If she care for you.. you'd feel it in little things she do for you. Text you mushy stuff... let you know she thinking of you for a split second... send you emails about how she's doing.. know what I mean ? Girls are emotional and social creatures... so just because she did not buy you presents or bake you a cake.. doesn't mean she don't give a damn.
You are still young.. and she also very young... don't expect anything like National day parade celebration in your relationship.
Little things count...
Originally posted by melodymaker:Agree with you, i would love to experiance such a journey without thinking it as an investment.
The few woman i have been with had their share of love and care for me at the start and i made sure i was there for them, as days rolled i always felt that i was doing alot for them,when in turn they could alteast pick up my call and answer and say Hi. I don't know what really went wrong, and i always been apologetic to them.

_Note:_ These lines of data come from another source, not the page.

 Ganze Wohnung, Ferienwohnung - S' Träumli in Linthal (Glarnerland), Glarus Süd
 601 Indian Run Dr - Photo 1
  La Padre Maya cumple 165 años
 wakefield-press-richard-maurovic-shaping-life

That you know, makes you feel like an idiot and self esteem steers low, abeing too apologetic can actually make you look low.
Still alot of fish in the sea, and before you know it you already learned your lessons
When you look at relationship as an investment.. you know it's not sustainable.
Here's why...
Investment means... the more you put in.. the more you demand back later. As your expectations ballooned over the years.... towards the end .. it pops when it can no longer hold the pressure. All you get is broken bits of memories and shards of pain.

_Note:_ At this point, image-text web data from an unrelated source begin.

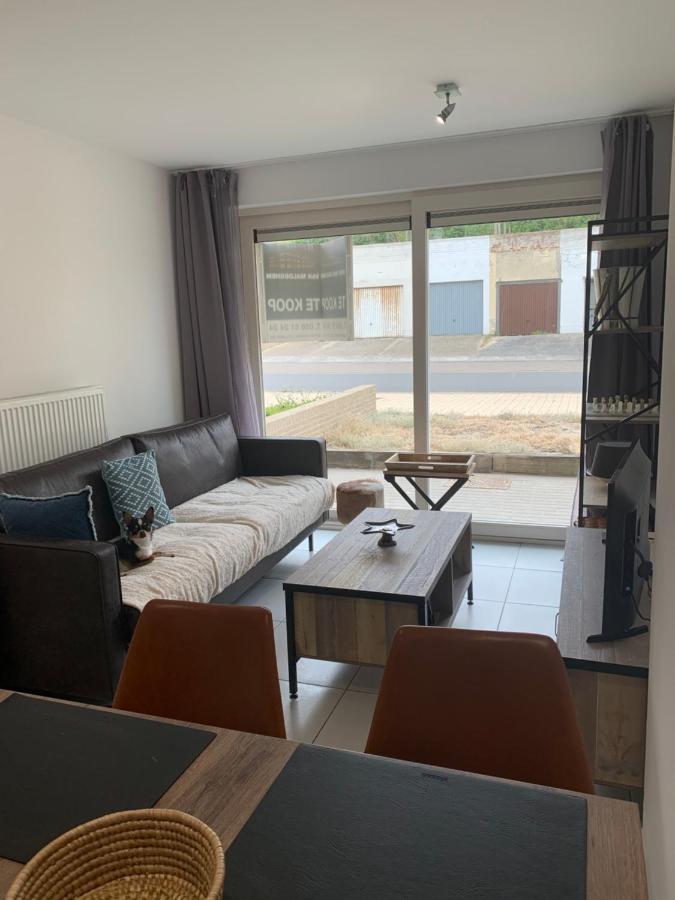Strandwandeling 2 Slaapkamers 科克赛德 外观 照片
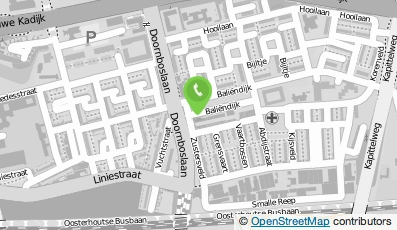 Bekijk kaart van RV Special Paint in Oostburg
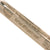 Original German WWII Luftwaffe Single Etched Long 98k Dress Bayonet by Lauterjung & Sohn Puma-Werk with Scabbard and Frog
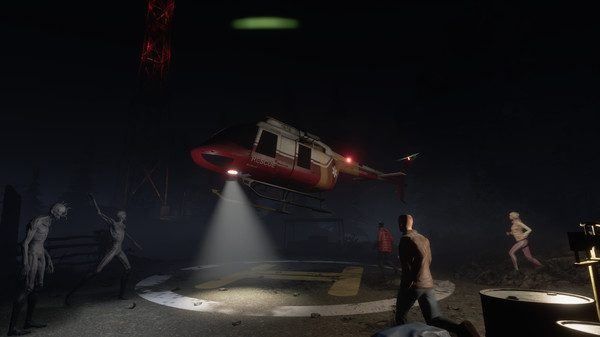 沉默的迹象 | Sign of Silence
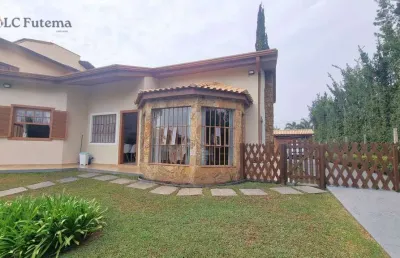 Casa com 3 quartos à venda, monte catine - vargem grande paulista/sp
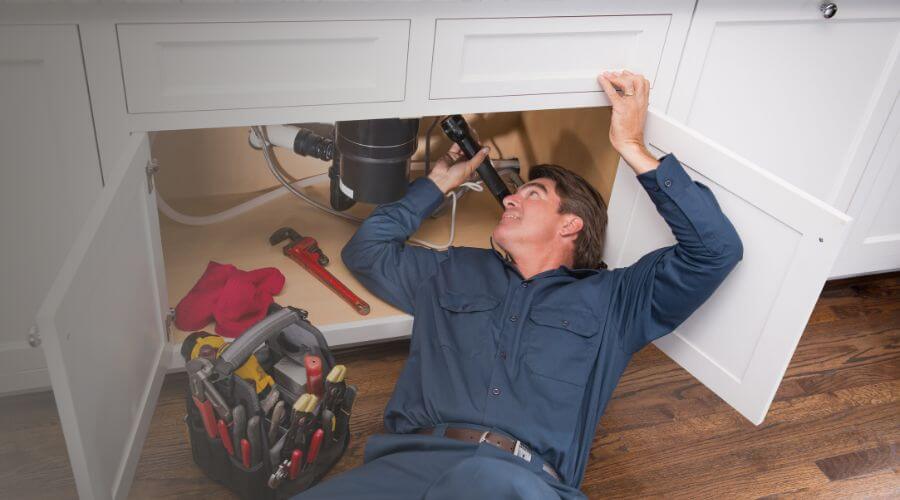 Professional expert plumbing services in Wellston, OK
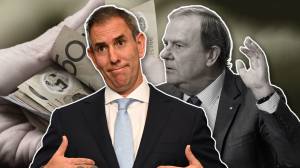 Australian economy in 2066 will be determined by AI-fuelled productivity boost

But when you look at relationship as a journey.. to discover yourself and your partner's being.. ... putting in effort, time, resources - as merely paying your toll along the way.. so you can enjoy this relationship longer....and perhaps reach your final destination together...there will be no need to be so calculative... even when the journey ended abruptly... at least you have walked as far as you can go....there will be no regrets nor remorse....
Totally agree!
You can say my mind is quite corrupted when thoughts about money comes to a relationship. but not always since i am trying to be fair in the relationship.
Aside of that, we guys have to be creative in the way we handle a relationship, doing little things that are not much of an effort but can actually impress the girl.
I am not sure, but do you think a secreted relationship is successful then an open relationship? in which posting pictures of ourselves on vacation to our friends than keeping them a sceret and not letting anyone know that we're actually in a relationship?
I remember some women broke up with their guys just because a few people knew about their relationship
From what you've mentioned; I'd leave her.
The issues that r bugging u don't seem like they'll be going away easily and will only get worse if things continue the way they are. If u get in further, you'll find it harder and harder to get out.
If she only take no give, but you're happy to keep doin it.....then what's the problem? If it is a problem then tell her. If no change, then bye bye lor. Otherwise u stress and even if u do, it doesn't mean she'll understand or even care by the sounds of it.
Originally posted by melodymaker:Totally agree!
You can say my mind is quite corrupted when thoughts about money comes to a relationship. but not always since i am trying to be fair in the relationship.
Aside of that, we guys have to be creative in the way we handle a relationship, doing little things that are not much of an effort but can actually impress the girl.
I am not sure, but do you think a secreted relationship is successful then an open relationship? in which posting pictures of ourselves on vacation to our friends than keeping them a sceret and not letting anyone know that we're actually in a relationship?
I remember some women broke up with their guys just because a few people knew about their relationship
If your girl ask you to keep a low profile or "secret" relationship.. you should respect that request. Especially when the relationship is still brand new.
She may fear the relationship will not last .. if it does.. good, then it will progress into the next phase...... if not.. she won't look like a failure in front of friends or family, since no body knows anyway.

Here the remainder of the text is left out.